> **EXERCISE BRIEF**
The lines below that include "French" are to be found and copied.

======== RECORDS TO USE ========

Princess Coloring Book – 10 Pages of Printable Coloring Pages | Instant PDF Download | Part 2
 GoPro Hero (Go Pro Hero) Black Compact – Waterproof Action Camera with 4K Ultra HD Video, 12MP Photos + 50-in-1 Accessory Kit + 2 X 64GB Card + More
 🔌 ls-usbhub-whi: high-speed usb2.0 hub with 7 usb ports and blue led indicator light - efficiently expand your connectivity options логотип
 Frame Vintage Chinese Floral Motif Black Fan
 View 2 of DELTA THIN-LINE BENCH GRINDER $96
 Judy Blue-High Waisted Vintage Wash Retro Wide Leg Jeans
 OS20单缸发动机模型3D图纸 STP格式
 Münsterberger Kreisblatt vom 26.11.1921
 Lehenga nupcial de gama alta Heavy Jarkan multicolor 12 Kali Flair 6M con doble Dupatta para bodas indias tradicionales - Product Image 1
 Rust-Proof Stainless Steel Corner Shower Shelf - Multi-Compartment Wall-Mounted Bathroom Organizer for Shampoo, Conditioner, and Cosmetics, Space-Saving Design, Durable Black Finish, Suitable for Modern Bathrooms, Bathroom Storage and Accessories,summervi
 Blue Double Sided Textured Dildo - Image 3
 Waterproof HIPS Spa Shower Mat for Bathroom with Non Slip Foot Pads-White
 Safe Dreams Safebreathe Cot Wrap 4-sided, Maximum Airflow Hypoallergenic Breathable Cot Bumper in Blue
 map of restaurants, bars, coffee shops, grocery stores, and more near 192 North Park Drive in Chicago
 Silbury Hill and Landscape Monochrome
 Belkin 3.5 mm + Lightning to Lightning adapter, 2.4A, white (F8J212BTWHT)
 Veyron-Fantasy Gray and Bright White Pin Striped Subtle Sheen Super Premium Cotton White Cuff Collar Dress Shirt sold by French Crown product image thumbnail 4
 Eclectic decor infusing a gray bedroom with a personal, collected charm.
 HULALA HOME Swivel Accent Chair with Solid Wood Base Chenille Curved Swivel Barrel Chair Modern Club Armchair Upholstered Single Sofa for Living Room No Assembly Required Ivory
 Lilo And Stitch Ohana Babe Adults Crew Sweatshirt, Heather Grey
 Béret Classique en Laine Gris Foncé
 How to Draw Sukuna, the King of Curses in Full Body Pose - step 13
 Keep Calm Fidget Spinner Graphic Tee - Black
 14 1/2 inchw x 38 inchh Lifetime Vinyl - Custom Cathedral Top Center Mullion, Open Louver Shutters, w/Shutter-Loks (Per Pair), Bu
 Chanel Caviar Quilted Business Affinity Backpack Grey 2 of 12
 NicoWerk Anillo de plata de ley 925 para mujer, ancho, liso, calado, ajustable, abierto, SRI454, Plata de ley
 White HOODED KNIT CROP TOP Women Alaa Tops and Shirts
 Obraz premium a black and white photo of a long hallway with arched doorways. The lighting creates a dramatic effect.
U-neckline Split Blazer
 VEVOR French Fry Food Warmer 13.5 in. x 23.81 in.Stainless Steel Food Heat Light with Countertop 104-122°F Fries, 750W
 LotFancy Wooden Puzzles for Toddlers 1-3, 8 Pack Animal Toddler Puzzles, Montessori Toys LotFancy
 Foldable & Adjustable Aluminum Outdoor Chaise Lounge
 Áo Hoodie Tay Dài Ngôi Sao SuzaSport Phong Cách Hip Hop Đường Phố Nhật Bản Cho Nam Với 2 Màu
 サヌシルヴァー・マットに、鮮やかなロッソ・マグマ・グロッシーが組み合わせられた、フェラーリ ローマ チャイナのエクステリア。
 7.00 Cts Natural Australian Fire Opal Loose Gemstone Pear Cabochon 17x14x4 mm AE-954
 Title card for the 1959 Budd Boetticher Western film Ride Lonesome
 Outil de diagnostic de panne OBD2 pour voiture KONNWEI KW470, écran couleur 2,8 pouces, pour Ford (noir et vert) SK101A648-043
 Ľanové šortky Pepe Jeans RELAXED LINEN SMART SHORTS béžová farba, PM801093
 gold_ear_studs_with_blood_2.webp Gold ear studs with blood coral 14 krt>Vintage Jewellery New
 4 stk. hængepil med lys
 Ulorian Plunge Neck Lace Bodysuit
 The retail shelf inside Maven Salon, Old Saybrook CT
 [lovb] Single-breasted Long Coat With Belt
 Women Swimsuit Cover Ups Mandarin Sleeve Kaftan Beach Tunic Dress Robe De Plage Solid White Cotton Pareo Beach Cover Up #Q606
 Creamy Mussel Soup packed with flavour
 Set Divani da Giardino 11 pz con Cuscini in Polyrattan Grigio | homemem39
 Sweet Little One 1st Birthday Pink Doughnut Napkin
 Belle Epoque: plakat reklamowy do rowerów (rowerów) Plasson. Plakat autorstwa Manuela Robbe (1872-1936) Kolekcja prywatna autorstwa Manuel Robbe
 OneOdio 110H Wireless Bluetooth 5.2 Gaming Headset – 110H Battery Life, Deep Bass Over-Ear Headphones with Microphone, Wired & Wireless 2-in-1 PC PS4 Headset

========

> **OUTPUT FOR THIS TASK**
 Veyron-Fantasy Gray and Bright White Pin Striped Subtle Sheen Super Premium Cotton White Cuff Collar Dress Shirt sold by French Crown product image thumbnail 4
 VEVOR French Fry Food Warmer 13.5 in. x 23.81 in.Stainless Steel Food Heat Light with Countertop 104-122°F Fries, 750W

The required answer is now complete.